• What this task involves: Print only the lines below from the one with "VTG. 1950's PEPSI" to the one with "Beachxgirl webcam", both included, exactly as they stand. Leave pictures out.

:: Available records ::

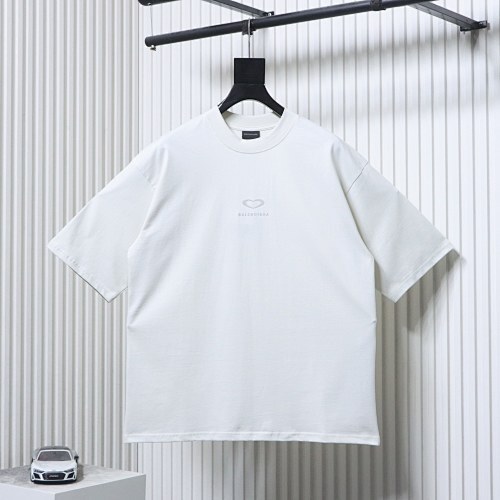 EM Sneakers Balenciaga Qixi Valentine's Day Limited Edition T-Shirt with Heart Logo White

:::
:: Available records ::

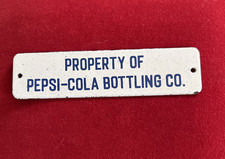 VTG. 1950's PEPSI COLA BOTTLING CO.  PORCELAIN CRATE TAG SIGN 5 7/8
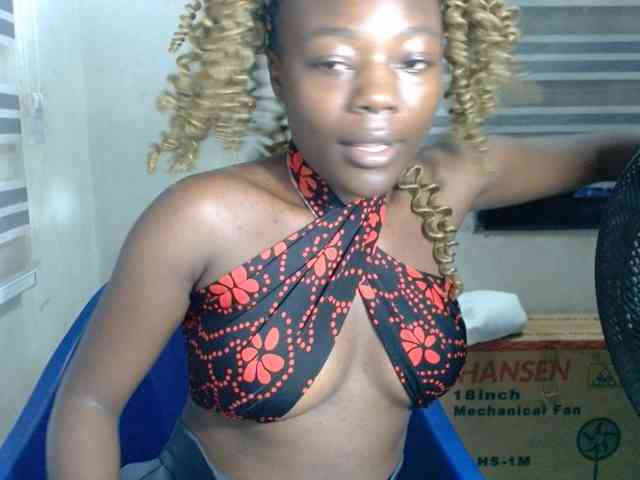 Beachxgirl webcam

:::

• Task result:
 VTG. 1950's PEPSI COLA BOTTLING CO.  PORCELAIN CRATE TAG SIGN 5 7/8
 Beachxgirl webcam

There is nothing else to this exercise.